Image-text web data
◆ ◆ ◆ ◆ ◆ ◆ ◆
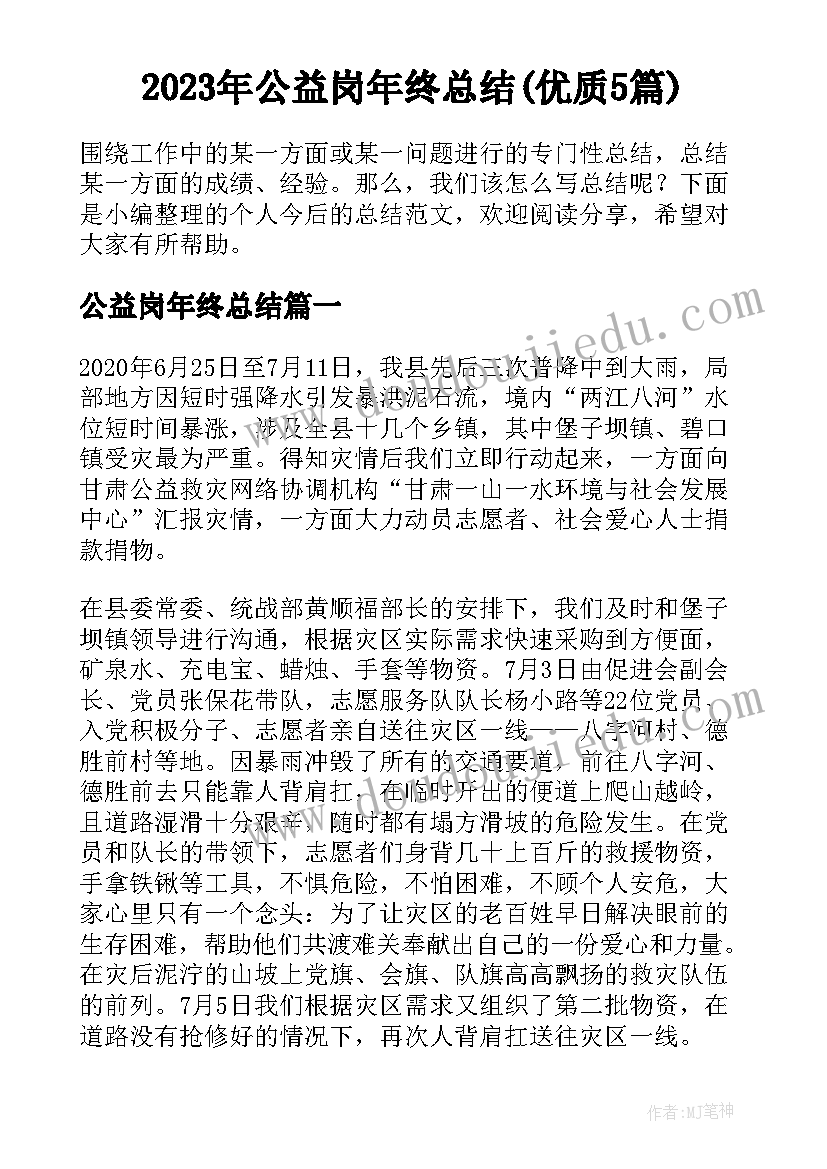 2023年公益岗年终总结(优质5篇)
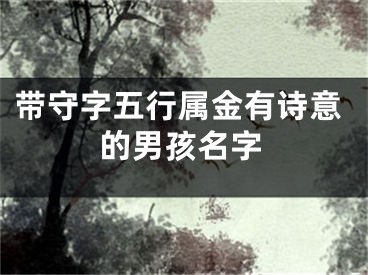 带守字五行属金有诗意的男孩名字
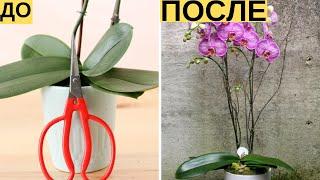 И Ваша орхидея будет цвести круглый год. 7 важных секретов по уходу за орхидеями  Я знаю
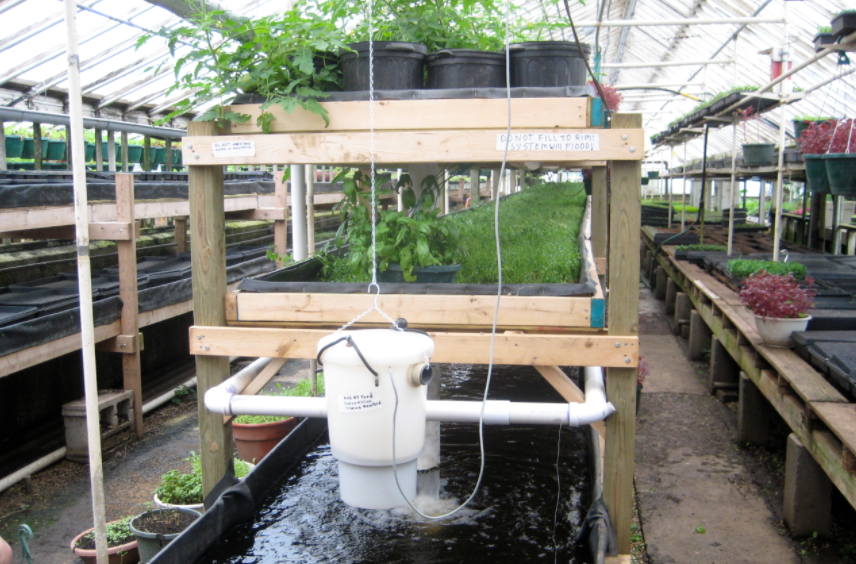 Things You Should Know About Hydroponics Kit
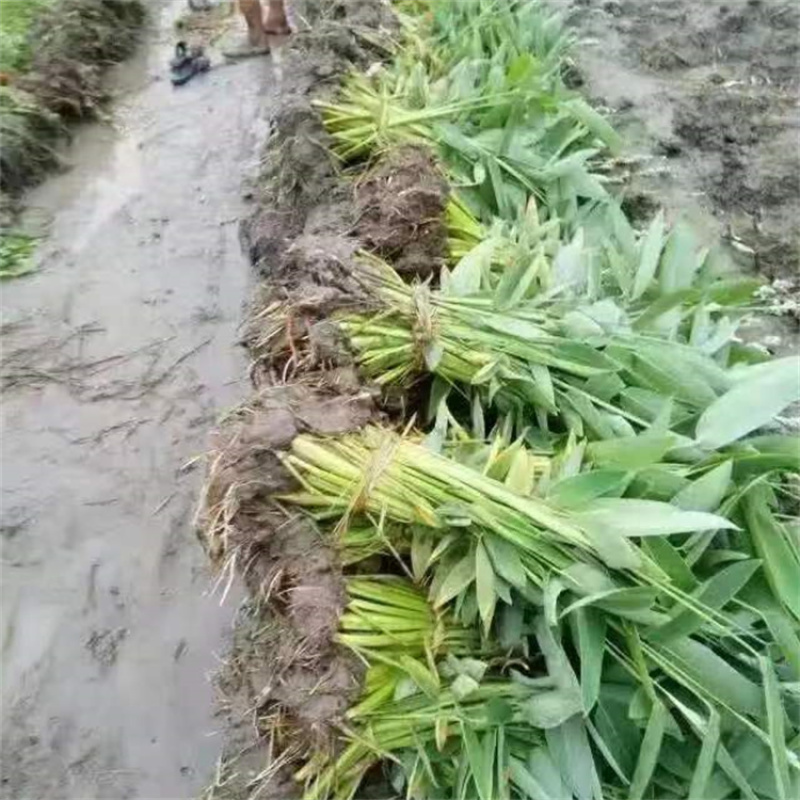 再力花喜温暖气候鱼池造景适宜岸边栽植景观效果较好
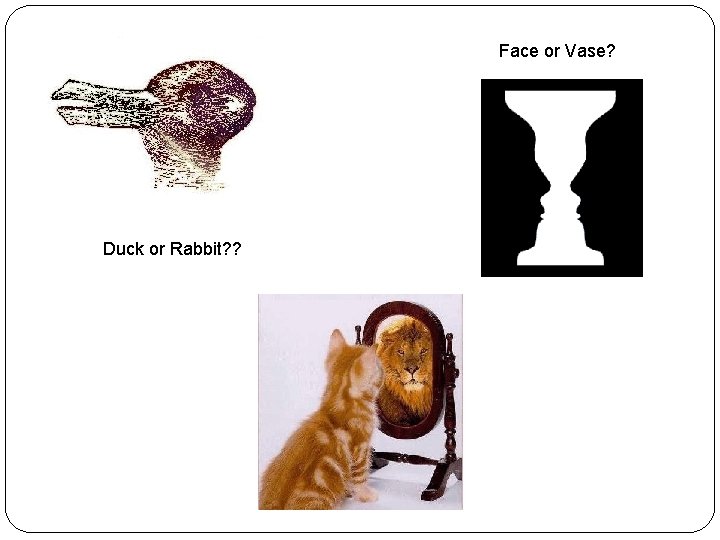 Face or Vase? Duck or Rabbit? ?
◆ ◆ ◆ ◆ ◆ ◆ ◆
--- Activity ---
The records above must be output exactly, except for the pictures.

--- Exercise answer ---
 2023年公益岗年终总结(优质5篇)
 带守字五行属金有诗意的男孩名字
 И Ваша орхидея будет цвести круглый год. 7 важных секретов по уходу за орхидеями  Я знаю
 Things You Should Know About Hydroponics Kit
 再力花喜温暖气候鱼池造景适宜岸边栽植景观效果较好
 Face or Vase? Duck or Rabbit? ?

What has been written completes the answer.